- **PROBLEM STATEMENT**: Output a verbatim copy of the data, cut off after the line that contains "小麦穗, 谷物, 字段, 农业, 自然, 农场, 作物".

** Opening SUPPLIED MATERIAL block **

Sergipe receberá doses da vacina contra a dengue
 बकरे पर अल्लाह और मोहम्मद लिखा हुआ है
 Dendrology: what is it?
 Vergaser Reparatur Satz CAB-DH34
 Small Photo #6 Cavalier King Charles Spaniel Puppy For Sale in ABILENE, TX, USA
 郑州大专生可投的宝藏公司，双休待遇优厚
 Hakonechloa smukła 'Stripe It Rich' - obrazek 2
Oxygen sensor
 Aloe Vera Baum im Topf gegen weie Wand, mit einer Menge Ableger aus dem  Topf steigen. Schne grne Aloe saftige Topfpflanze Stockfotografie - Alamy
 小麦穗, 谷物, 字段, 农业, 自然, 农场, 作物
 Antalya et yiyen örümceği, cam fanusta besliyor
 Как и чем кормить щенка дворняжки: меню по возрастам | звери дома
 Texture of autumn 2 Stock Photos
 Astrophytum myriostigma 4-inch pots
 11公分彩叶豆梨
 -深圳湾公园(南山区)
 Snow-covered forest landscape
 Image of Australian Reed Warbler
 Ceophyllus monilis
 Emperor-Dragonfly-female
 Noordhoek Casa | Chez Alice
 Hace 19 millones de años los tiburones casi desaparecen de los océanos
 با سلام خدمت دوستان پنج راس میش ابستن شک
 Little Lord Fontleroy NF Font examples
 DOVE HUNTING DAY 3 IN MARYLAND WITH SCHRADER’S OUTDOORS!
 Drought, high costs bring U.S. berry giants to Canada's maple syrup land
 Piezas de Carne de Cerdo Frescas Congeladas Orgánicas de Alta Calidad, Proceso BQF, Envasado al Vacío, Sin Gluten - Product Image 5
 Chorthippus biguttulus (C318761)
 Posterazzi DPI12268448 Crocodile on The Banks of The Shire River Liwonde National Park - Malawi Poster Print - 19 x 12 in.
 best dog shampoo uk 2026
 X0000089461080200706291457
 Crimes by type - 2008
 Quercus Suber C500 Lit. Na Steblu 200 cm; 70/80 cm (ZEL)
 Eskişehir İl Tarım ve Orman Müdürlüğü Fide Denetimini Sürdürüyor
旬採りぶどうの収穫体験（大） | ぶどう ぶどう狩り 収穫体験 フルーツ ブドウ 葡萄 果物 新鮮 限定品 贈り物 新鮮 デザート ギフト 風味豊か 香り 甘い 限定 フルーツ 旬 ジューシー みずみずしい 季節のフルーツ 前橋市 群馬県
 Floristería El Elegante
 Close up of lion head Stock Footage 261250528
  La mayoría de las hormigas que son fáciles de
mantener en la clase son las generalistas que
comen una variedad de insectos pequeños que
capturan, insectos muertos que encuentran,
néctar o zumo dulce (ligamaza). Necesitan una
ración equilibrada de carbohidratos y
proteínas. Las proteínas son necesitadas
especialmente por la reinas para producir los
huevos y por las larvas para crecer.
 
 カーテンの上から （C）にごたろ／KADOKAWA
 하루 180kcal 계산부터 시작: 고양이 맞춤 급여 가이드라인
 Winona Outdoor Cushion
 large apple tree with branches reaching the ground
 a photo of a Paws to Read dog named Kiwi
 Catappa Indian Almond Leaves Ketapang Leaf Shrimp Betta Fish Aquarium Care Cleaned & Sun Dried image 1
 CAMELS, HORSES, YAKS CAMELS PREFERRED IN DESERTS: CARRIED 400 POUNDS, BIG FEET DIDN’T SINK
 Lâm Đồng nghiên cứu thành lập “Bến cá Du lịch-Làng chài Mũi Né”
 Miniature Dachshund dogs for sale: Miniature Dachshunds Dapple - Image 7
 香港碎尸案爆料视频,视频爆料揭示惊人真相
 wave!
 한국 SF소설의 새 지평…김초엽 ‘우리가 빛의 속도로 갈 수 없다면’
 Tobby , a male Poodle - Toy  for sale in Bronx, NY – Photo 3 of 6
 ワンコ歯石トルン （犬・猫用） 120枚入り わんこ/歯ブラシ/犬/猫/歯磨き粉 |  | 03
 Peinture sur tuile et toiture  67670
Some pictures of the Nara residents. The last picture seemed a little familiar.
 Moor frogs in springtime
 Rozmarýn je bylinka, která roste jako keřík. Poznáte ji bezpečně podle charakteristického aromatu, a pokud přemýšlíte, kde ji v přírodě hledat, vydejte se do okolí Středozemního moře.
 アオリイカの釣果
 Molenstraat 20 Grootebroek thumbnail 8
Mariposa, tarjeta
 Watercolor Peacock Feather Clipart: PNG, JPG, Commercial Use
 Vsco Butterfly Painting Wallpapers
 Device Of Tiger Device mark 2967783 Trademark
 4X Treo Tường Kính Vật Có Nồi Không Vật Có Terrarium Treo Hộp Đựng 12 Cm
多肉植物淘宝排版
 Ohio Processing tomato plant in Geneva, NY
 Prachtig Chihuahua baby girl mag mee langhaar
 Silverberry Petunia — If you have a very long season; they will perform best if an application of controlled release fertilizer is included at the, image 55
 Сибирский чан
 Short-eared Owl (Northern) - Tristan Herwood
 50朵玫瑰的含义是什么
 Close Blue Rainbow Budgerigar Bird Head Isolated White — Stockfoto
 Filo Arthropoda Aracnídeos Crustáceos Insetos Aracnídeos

** Closing SUPPLIED MATERIAL block **

- **ANSWER SPACE**:
Sergipe receberá doses da vacina contra a dengue
 बकरे पर अल्लाह और मोहम्मद लिखा हुआ है
 Dendrology: what is it?
 Vergaser Reparatur Satz CAB-DH34
 Small Photo #6 Cavalier King Charles Spaniel Puppy For Sale in ABILENE, TX, USA
 郑州大专生可投的宝藏公司，双休待遇优厚
 Hakonechloa smukła 'Stripe It Rich' - obrazek 2
Oxygen sensor
 Aloe Vera Baum im Topf gegen weie Wand, mit einer Menge Ableger aus dem  Topf steigen. Schne grne Aloe saftige Topfpflanze Stockfotografie - Alamy
 小麦穗, 谷物, 字段, 农业, 自然, 农场, 作物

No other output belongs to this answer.